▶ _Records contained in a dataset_
• • • • • • •
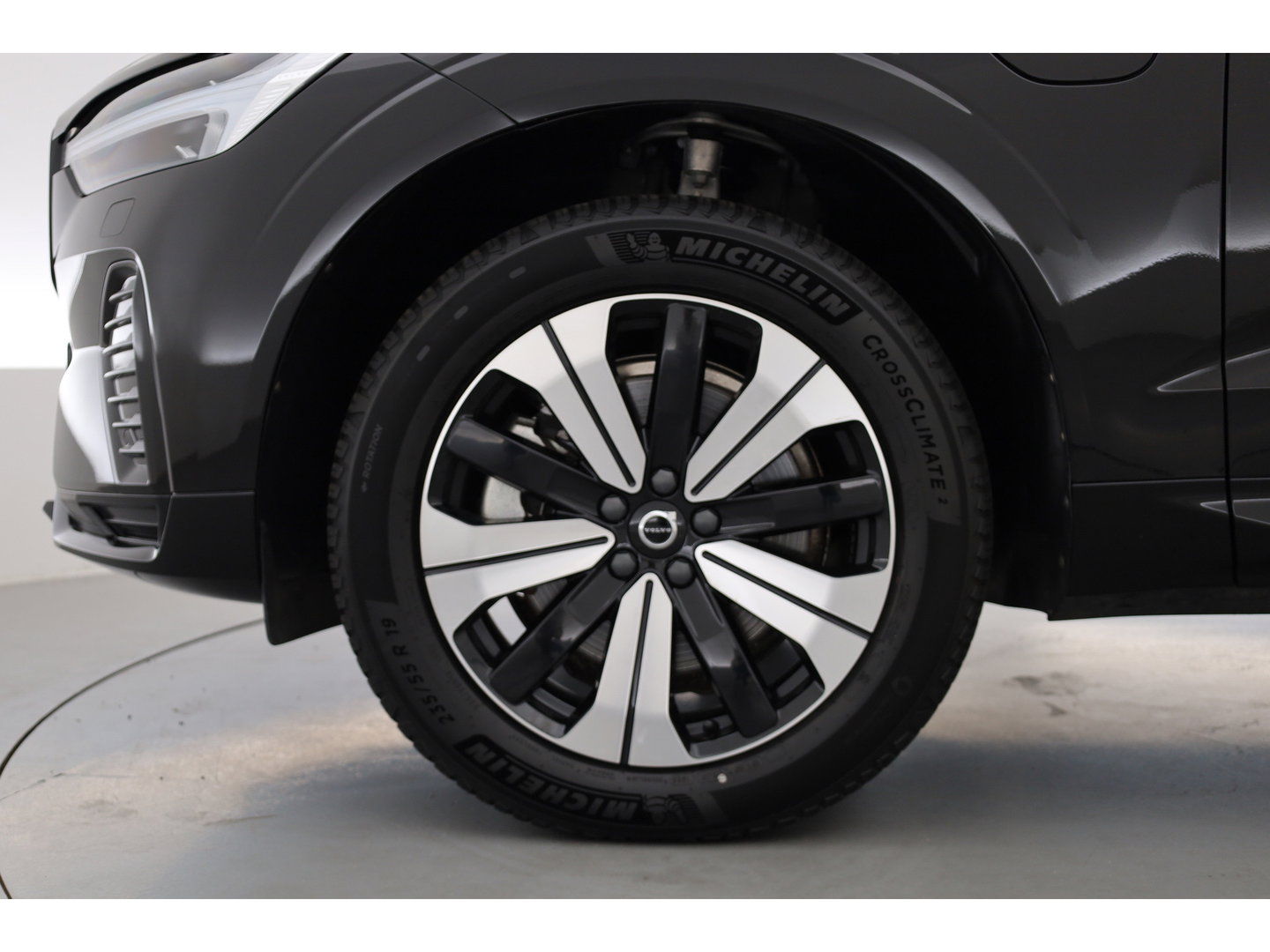 Volvo XC60 2.0 T6 Plug-in hybrid AWD Long Range Plus Dark | Rijklaar | Pano-dak | Trekhaak | 4x Stoel + Stuurverw. | voorruit.verw. | Google |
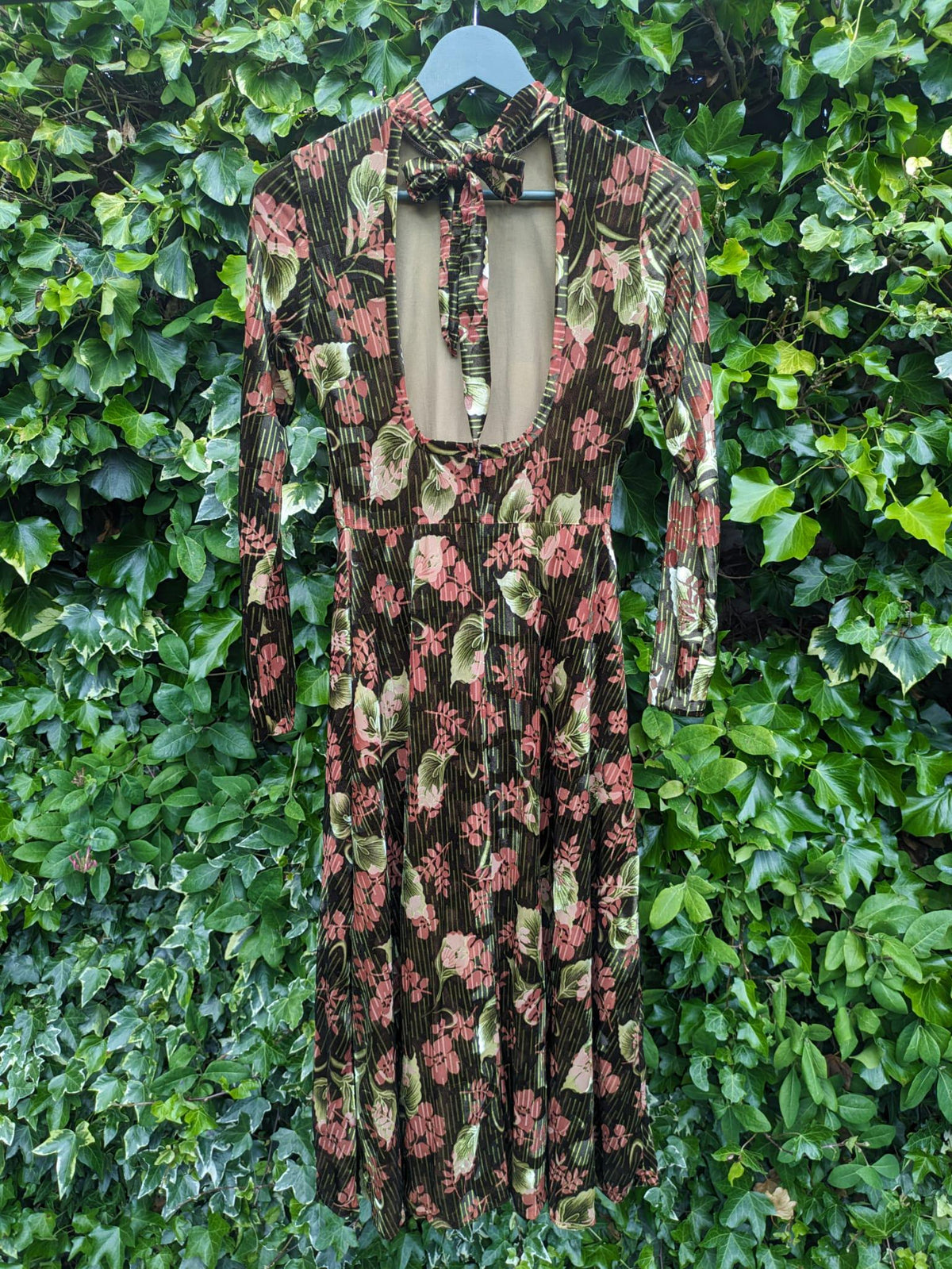 Elegant Dark Floral Midi Dress - Deep cutout back, bowknot tie-back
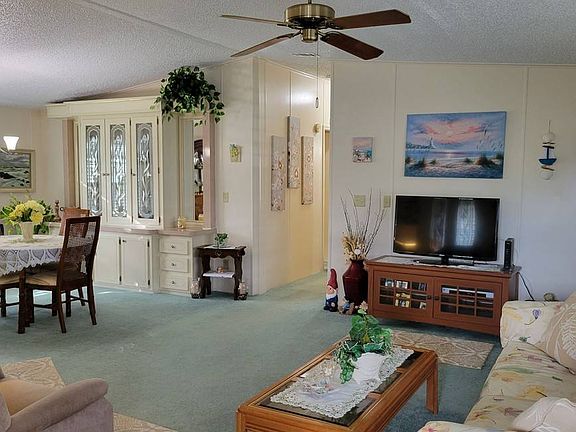 5th image of 256 Gull Ln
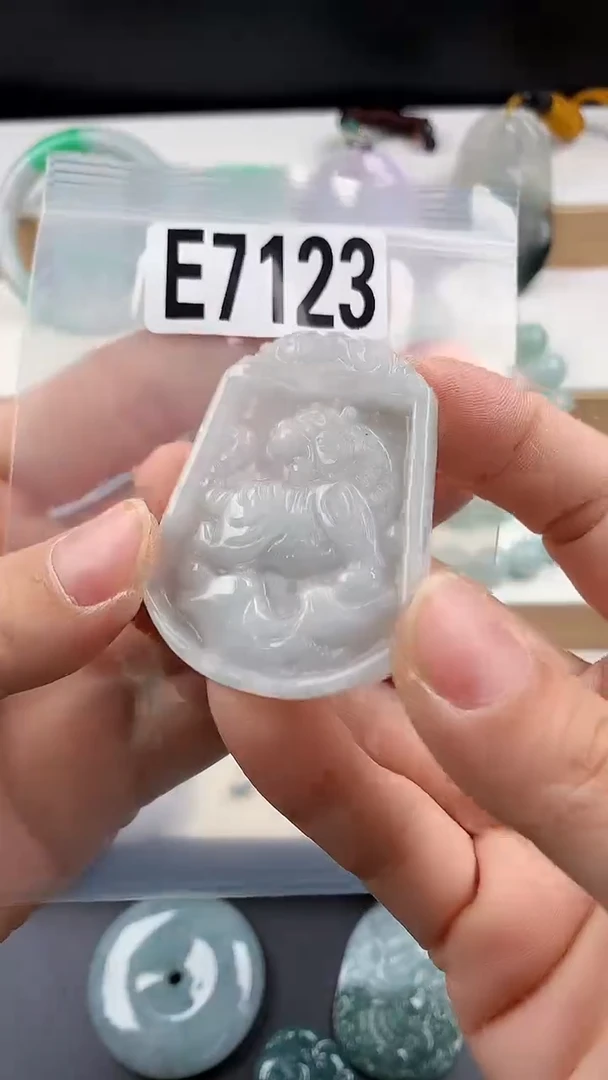 颈饰未镶嵌翡翠天然翡翠吊坠挂件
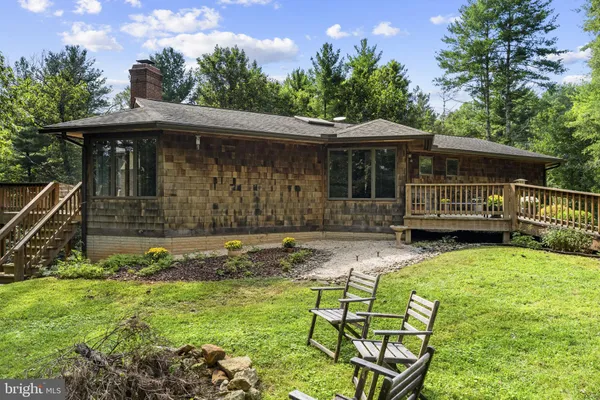 207 GRAND VIEW RD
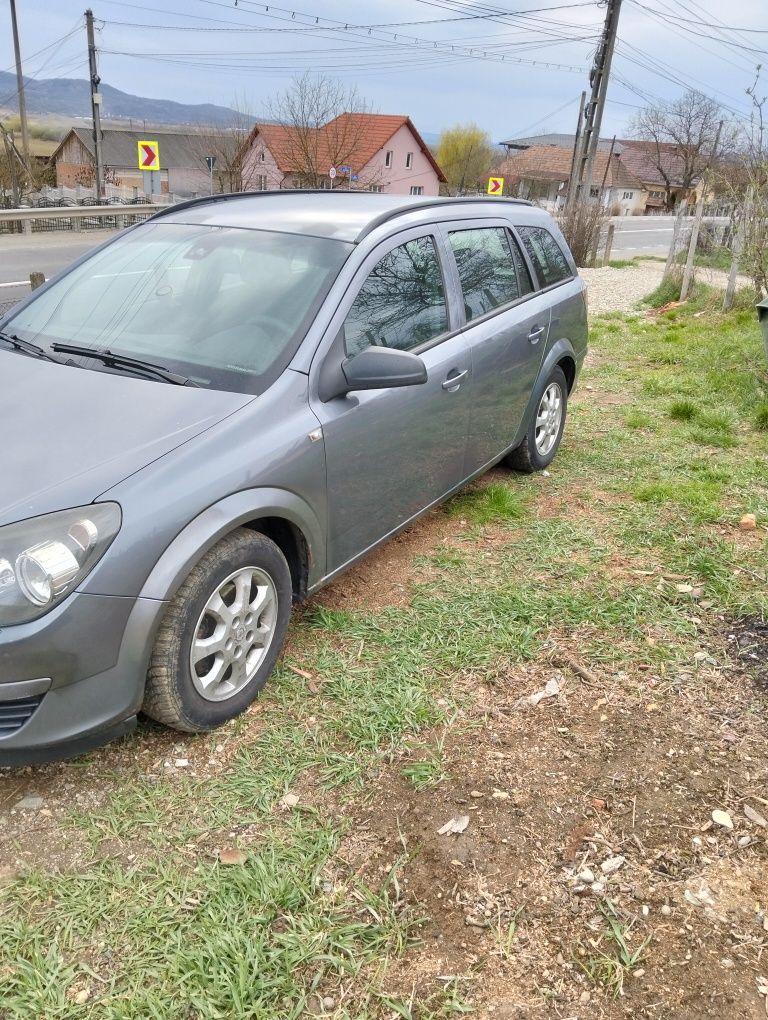 Vând Opel Astra h1.7 cdti 2005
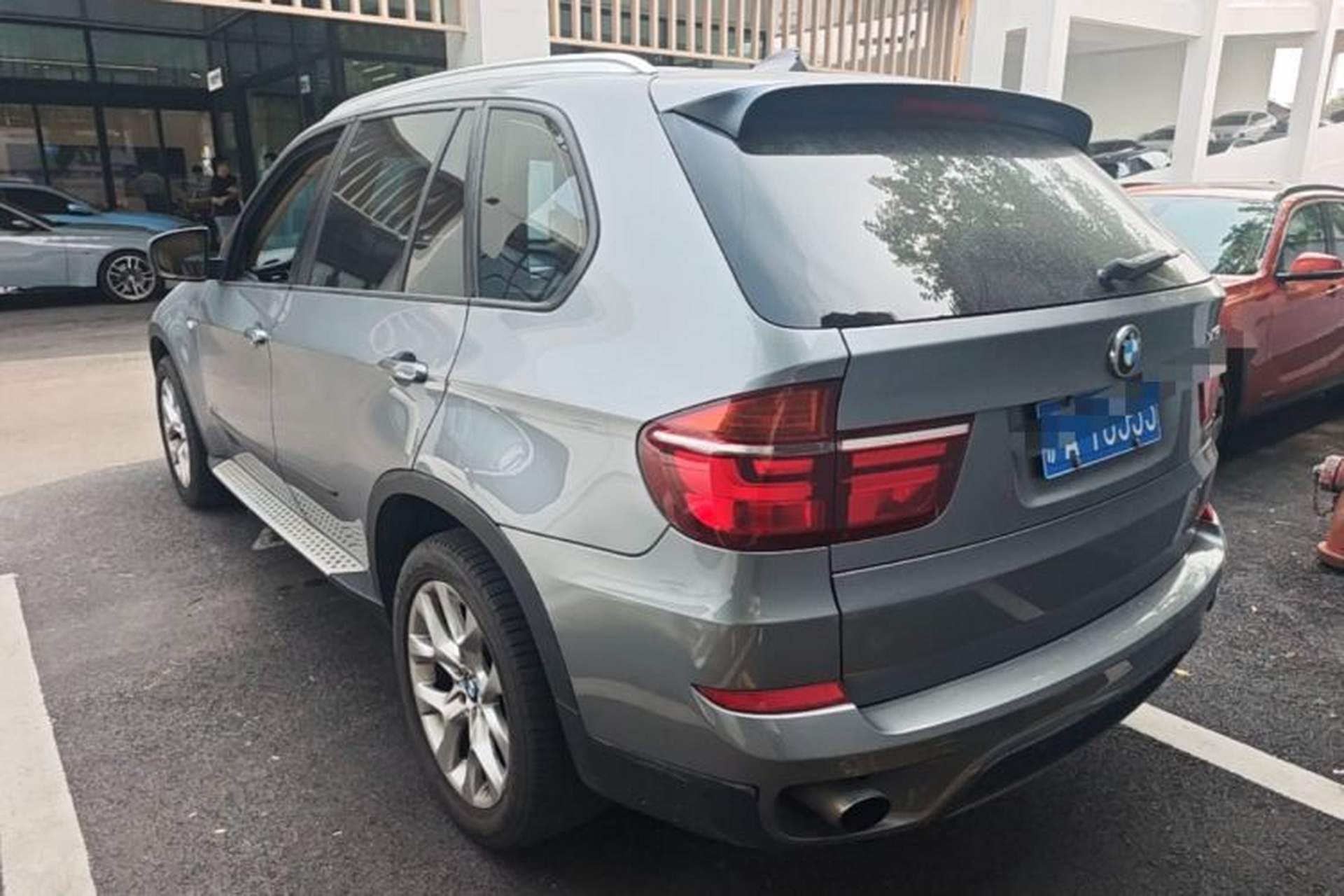 Used BMW X5 2011 xDrive35i Luxury Model Rear Left 45 Deg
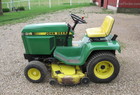 1986 John Deere 318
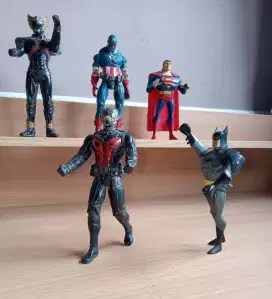 ActionFigur Marvel captain america superman batman ant man+ Bima x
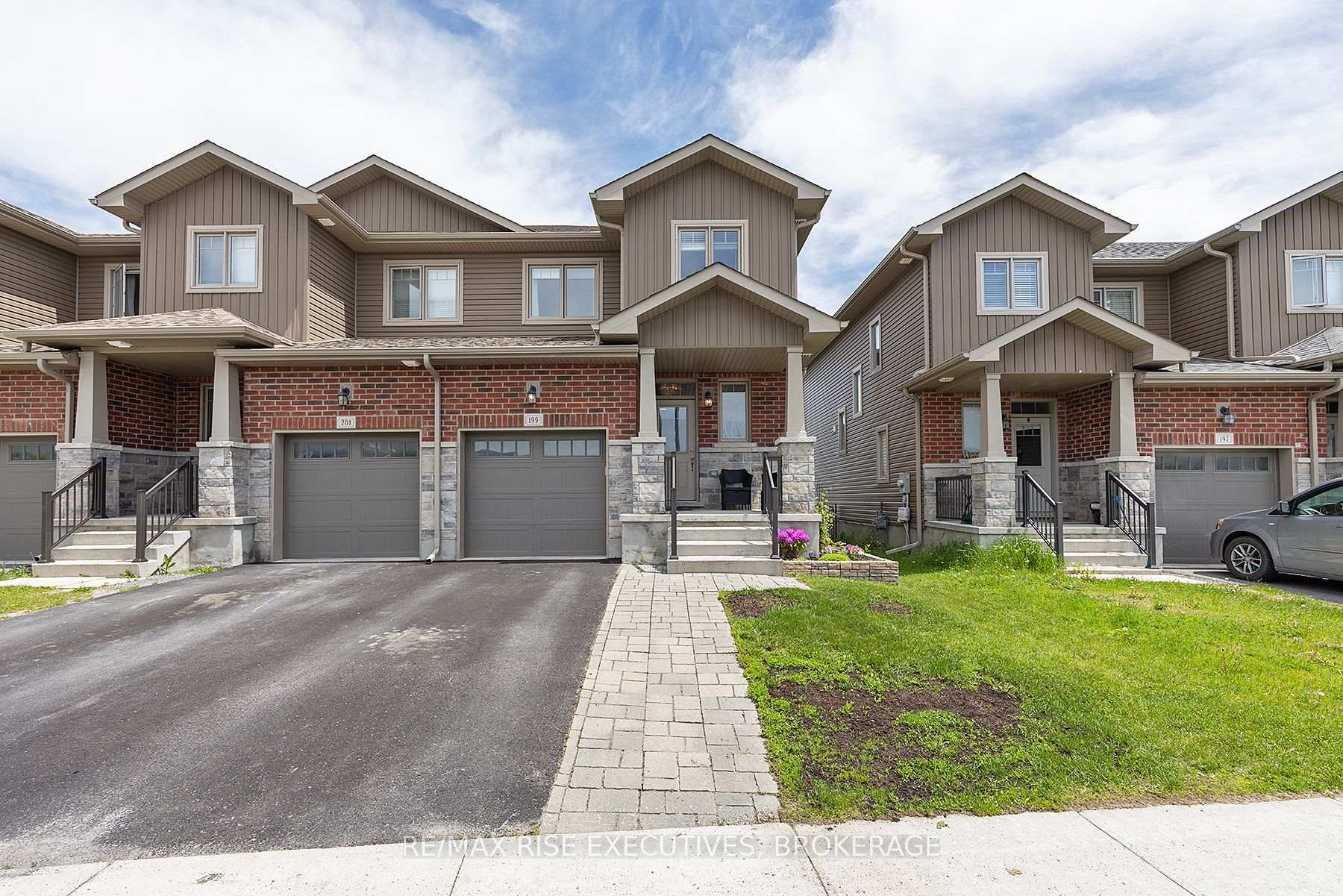 Photo 2 of 199 Pratt Drive, Loyalist, Amherstview — HOMEH
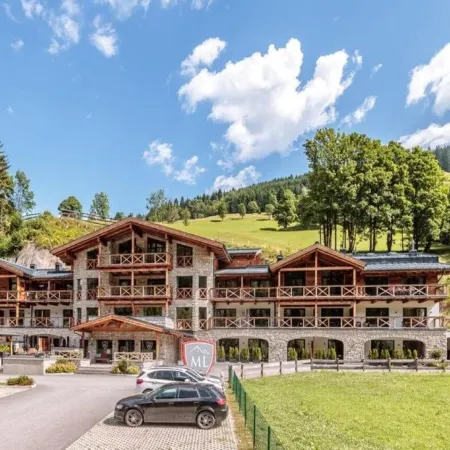 Avenida Mountain Lodges Saalbach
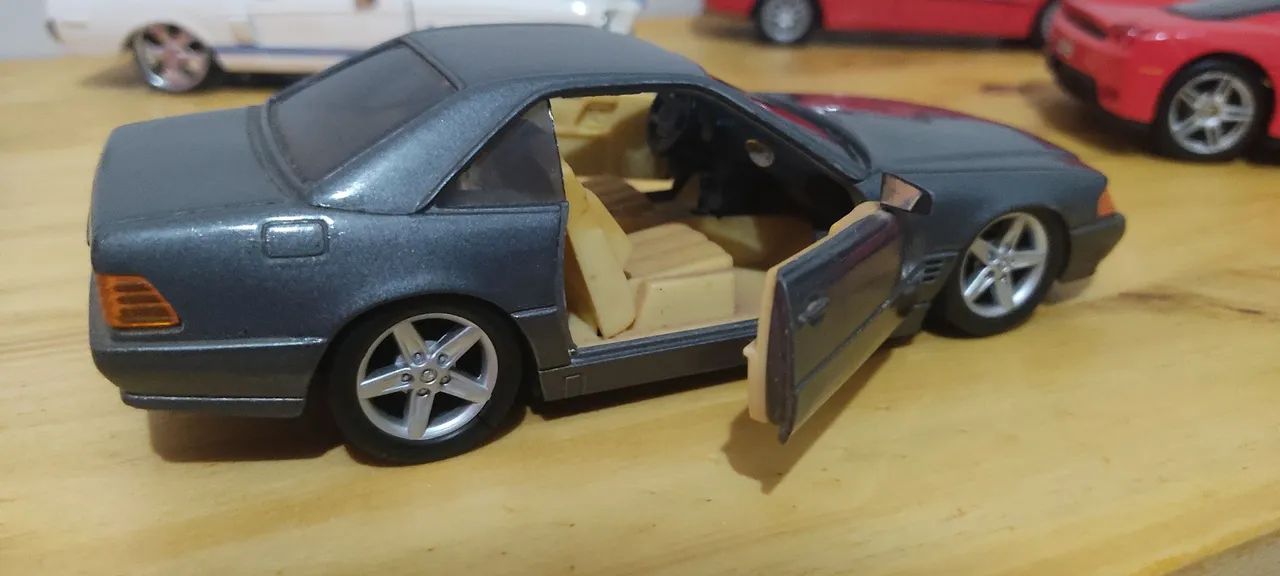 Carrinho Mercedes Benz SL 500 - Foto 4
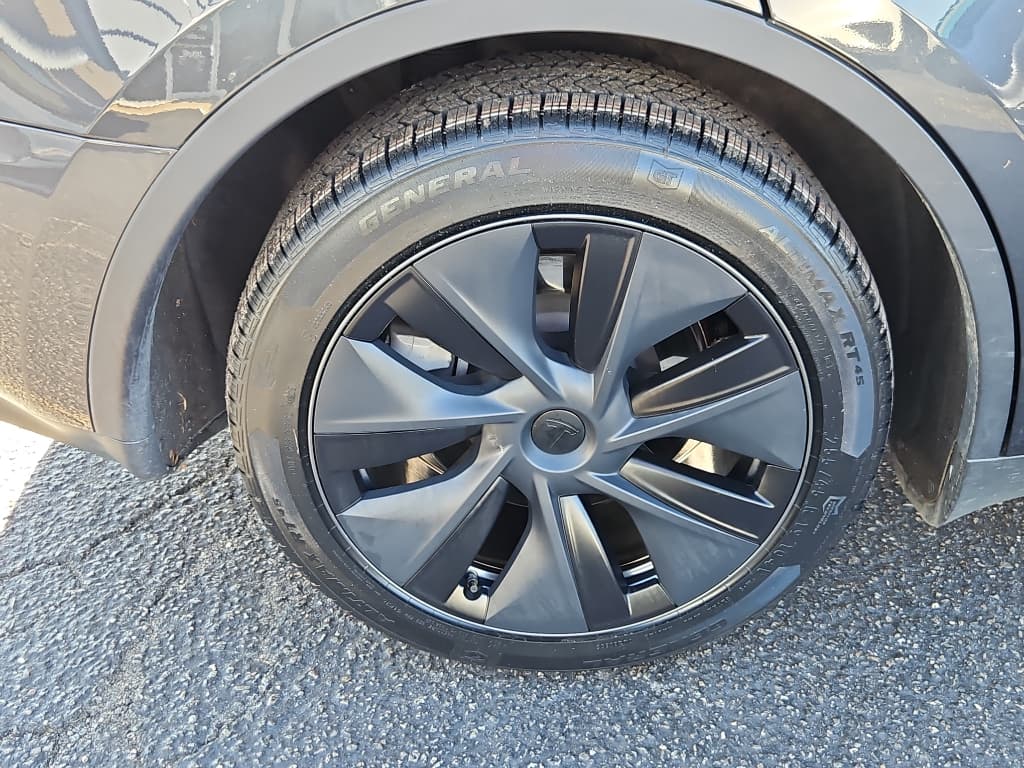 2025 Tesla Model Y view 31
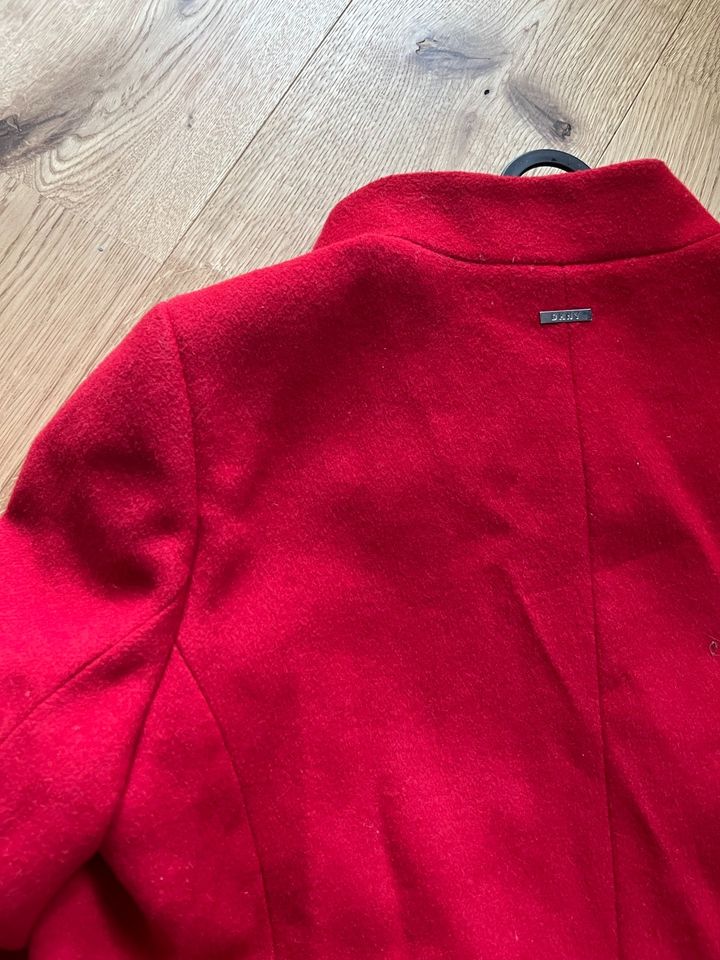 DKNY - Wintermantel / Wollmantel / Mantel - size 40 / rot in Frankfurt am Main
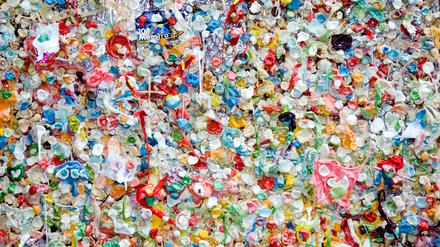 Alles nicht so schön bunt hier: Gerade die Mischung von Stoffen, Zuatzstoffen, Farben und ähnlichem macht es schwierig, Plastik gut zu recyclen.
• • • • • • •
▶ _Work request_
Using the records above, reproduce exactly the lines from the line containing "Avenida Mountain Lodges Saalbach" through the last line, with both ends kept and no pictures.

▶ _Solution_
 Avenida Mountain Lodges Saalbach
 Carrinho Mercedes Benz SL 500 - Foto 4
 2025 Tesla Model Y view 31
 DKNY - Wintermantel / Wollmantel / Mantel - size 40 / rot in Frankfurt am Main
 Alles nicht so schön bunt hier: Gerade die Mischung von Stoffen, Zuatzstoffen, Farben und ähnlichem macht es schwierig, Plastik gut zu recyclen.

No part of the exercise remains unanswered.